Prime Minister Rishi Sunak met Rwanda’s president Paul Kagame on the sidelines of the Cop28 climate talks in Dubai on Friday.
He declined afterwards to say how much more money he would spend to get the scheme off the ground.
Mr Sunak’s attempt to save his flagship policy involves the signing of a new treaty with Kigali and the introduction of emergency legislation allowing Parliament to deem the country safe, despite concerns raised by senior judges.
The Conservative Party leader has set the target of deportation flights taking off by the spring.
Arrangements are understood to be in place for Home Secretary James Cleverly to fly out to Rwanda to ratify a new treaty.
The Cabinet minister could travel out as soon as Monday, with emergency legislation also potentially to be tabled this week, according to The Sunday Times.
But Ms Atkins would only say that it would “take a little bit of time to draw up” the emergency legislation “because we want to make sure it is in the right form”.
She refused to commit to it being published before Christmas but said Mr Cleverly was “working incredibly hard and quickly on this”.
Sources inside No 10 said the UK Government was hopeful that the legal update would be ready this week but that it could not be guaranteed.
The bid to send some asylum seekers on a one-way trip to the African nation was dealt a blow when the Supreme Court ruled it unlawful last month.
The Rwanda proposal is seen as key to delivering on Mr Sunak’s pledge to stop the boats before a likely general election next year.
January will mark one year since he made the commitment but Labour sources pointed out that a steady flow of new arrivals across the Channel in recent days means this year has become the second highest on record for migrant crossings.

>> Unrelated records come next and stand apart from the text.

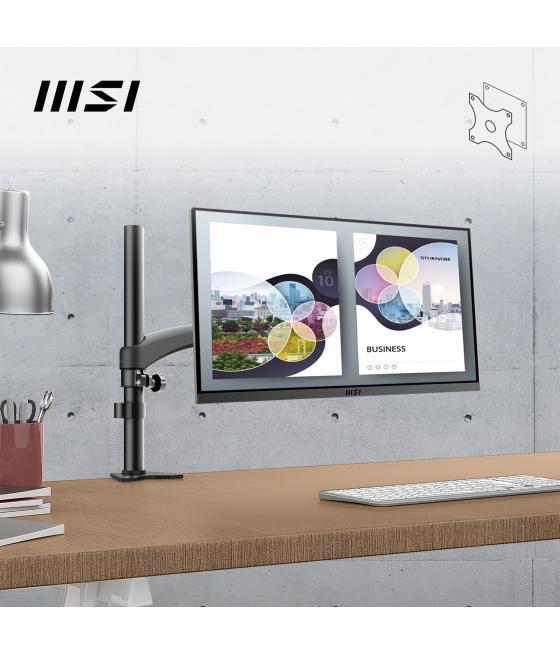 Monitor led 22.3pulgadas msi mp223 va - fhd - hdmi - vga - 100hz - 1ms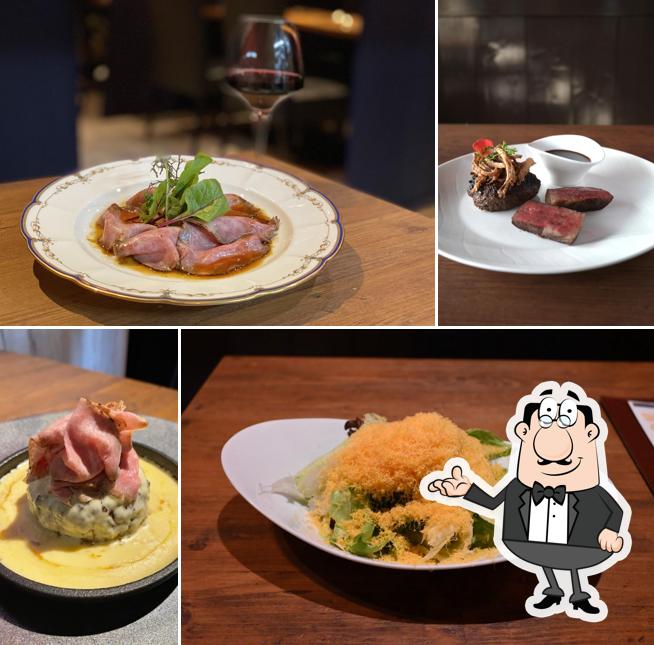 Bistro HACHIYA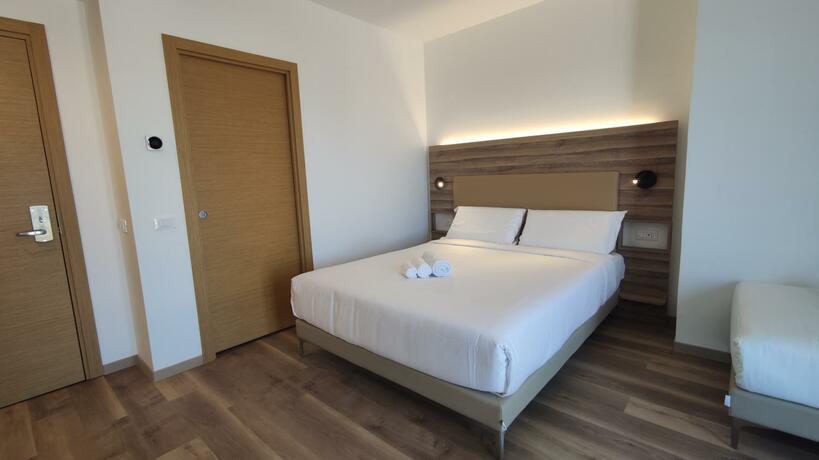 Imagen general del Hotel B&B Sassari. Foto 1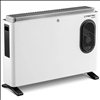 Konvektor Heizung weiss Trotec TCH23E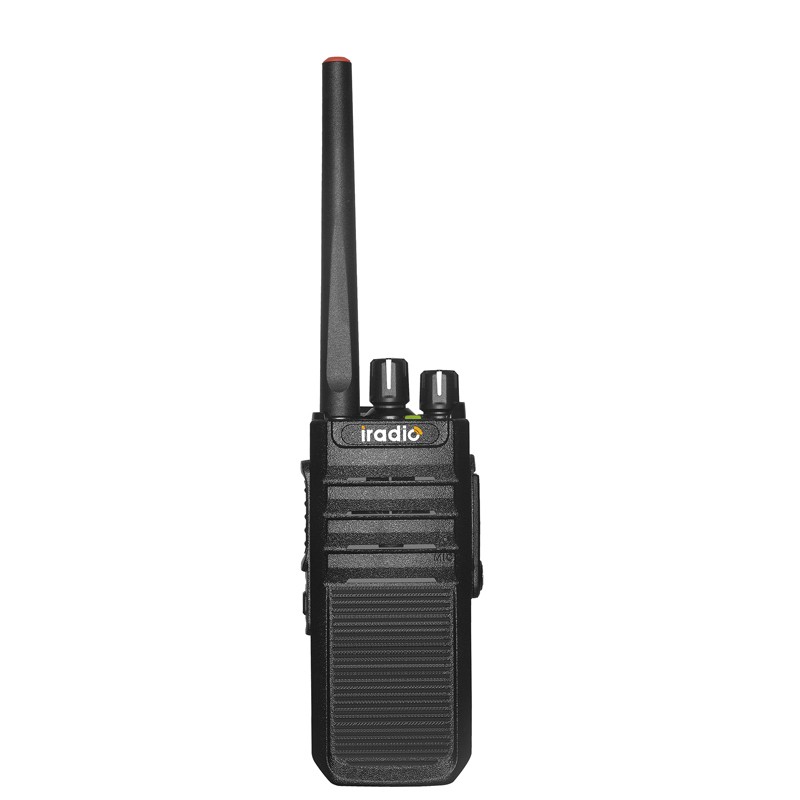 CP-9900 VHF UHF 10-W-Handfunkgerät mit großer Reichweite
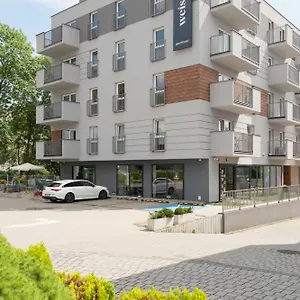 Weissa 7 , Kraków Polska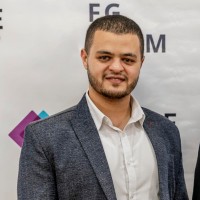 ahmed Mostafa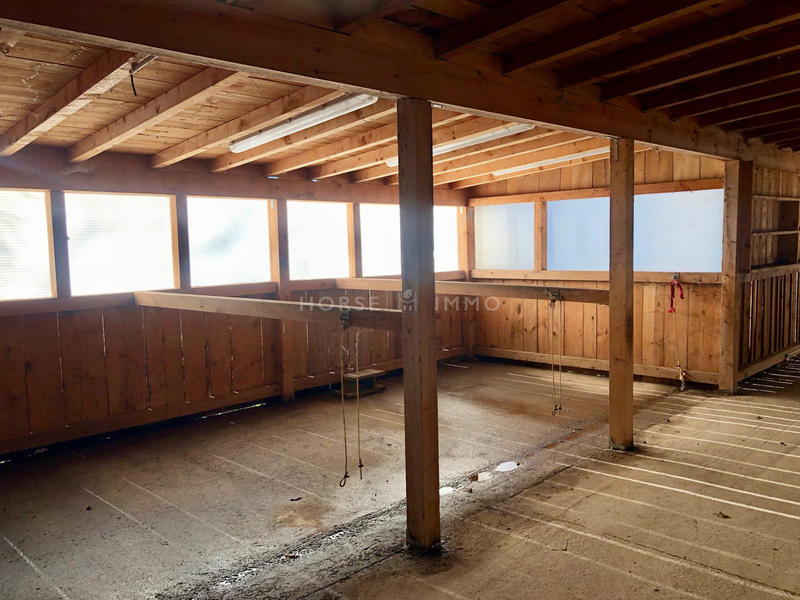 Maison - 1 m² - 1 pièce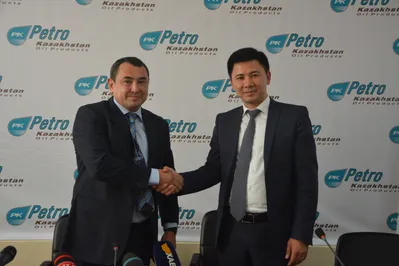 БРК вкладывает средства в модернизацию Шымкентского НПЗ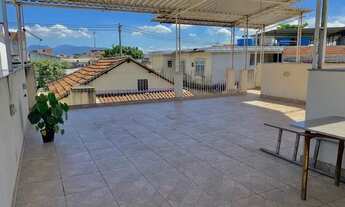 Imagem 3: Casa independente com 2 quartos, terraço e garagem em Coelho Neto!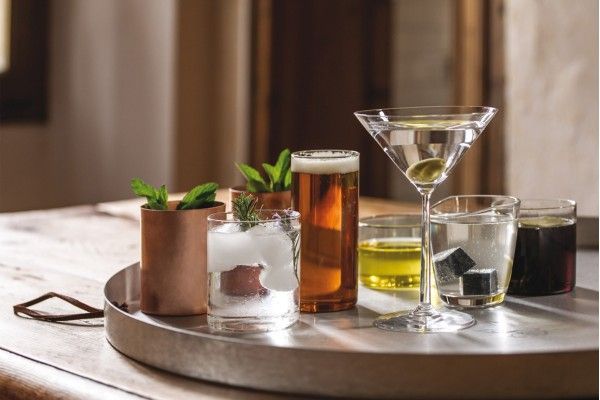 Complementi d'arredo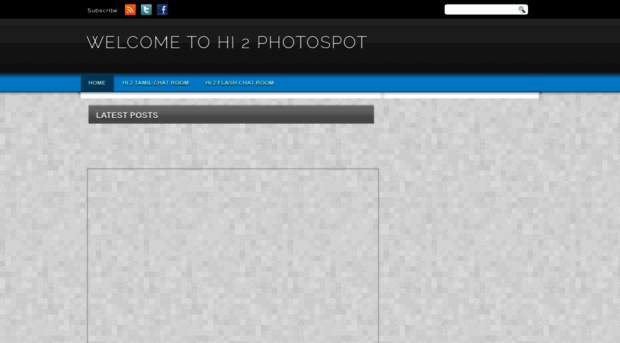 hi2photospot.blogspot.in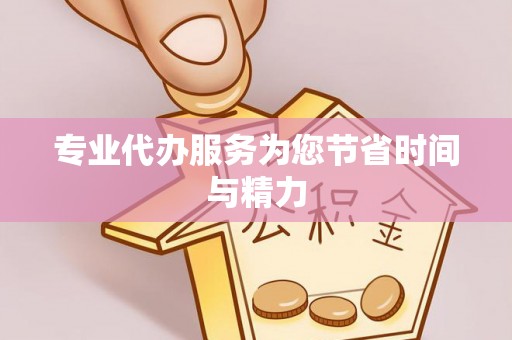 竹田专业代办服务为您节省时间与精力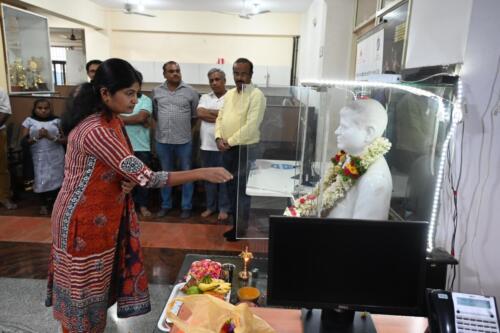 Nagesh sir's death anniversary - 2023-3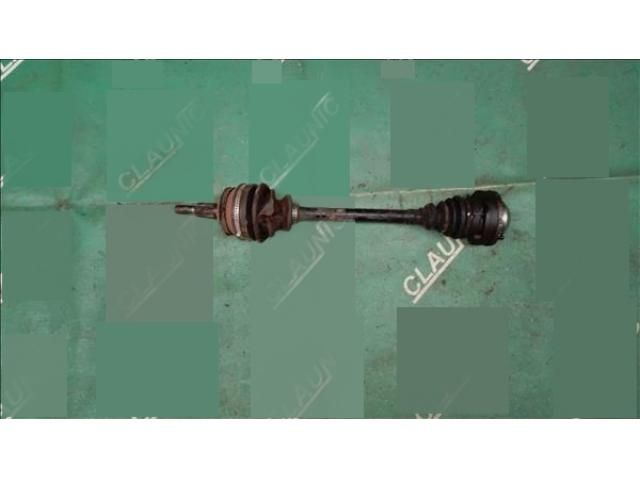 bontott VW TRANSPORTER Bal Féltengely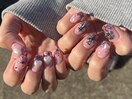 ネイルデザイン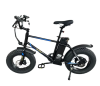 Электровелосипед Griffin J2 48V16Ah
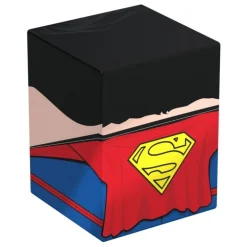 Caja Squaroe Superman™ DC Justice League™ JL003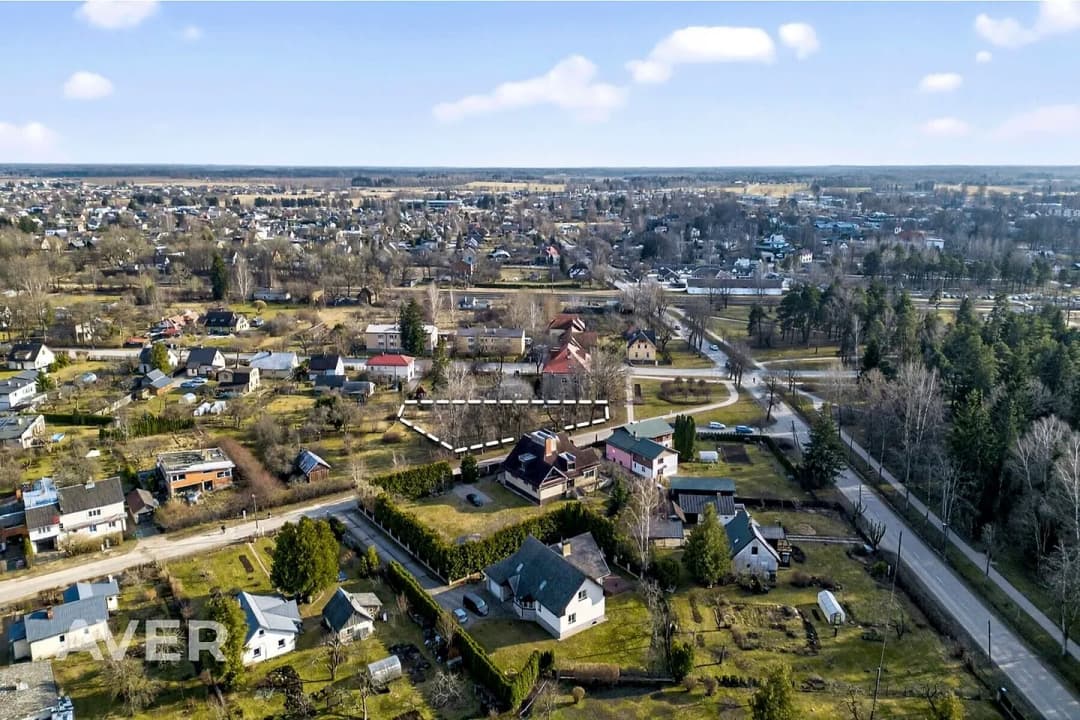 Zeme, 1437㎡ - Siguldas novads, Sigulda — bilde 3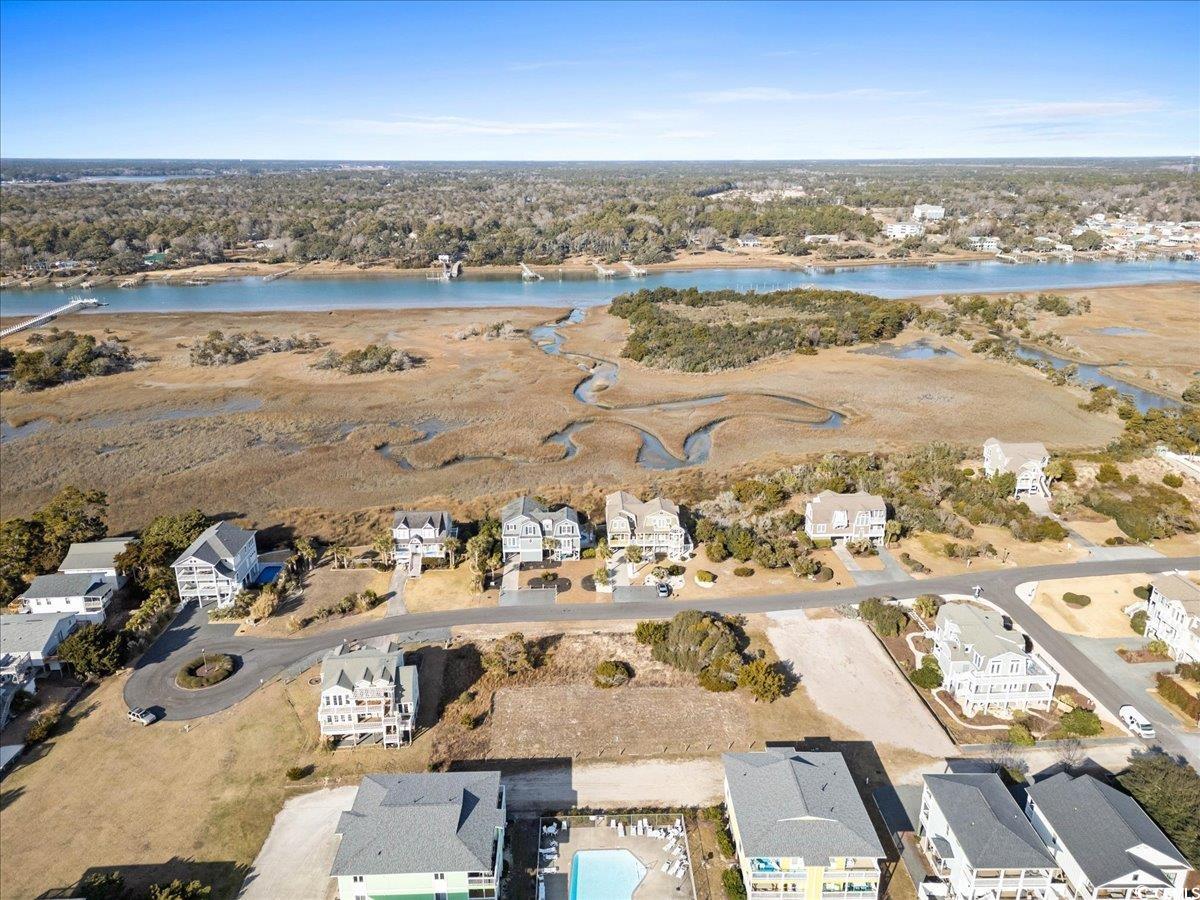 1056 Tide Ridge Dr., Holden Beach, North Carolina image 5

Home Office figures show that 519 people braved freezing December temperatures to land on England’s south coast on Saturday, arriving in 11 boats.
PA news agency analysis shows almost 29,000 migrants have arrived this year, topping 2021’s 28,526 figure.
Arrivals in 2023 are about a third down on the same period last year when a new record was set.
Following the judgment by the Supreme Court on November 15, Downing Street originally said a new small boats law would be published within days but the wait has gone on for more than two weeks.
The Sunday Times said Mr Sunak is still considering two options for his emergency legislation.
One, dubbed the “full fat” option and favoured by right-wing Tories, would remove the right to judicial review of asylum decisions by including “notwithstanding” clauses to allow ministers to ignore rulings by domestic judges and the European Court of Human Rights.
A so-called “semi-skimmed” option would disapply the UK Human Rights Act only in asylum claims, the newspaper reported.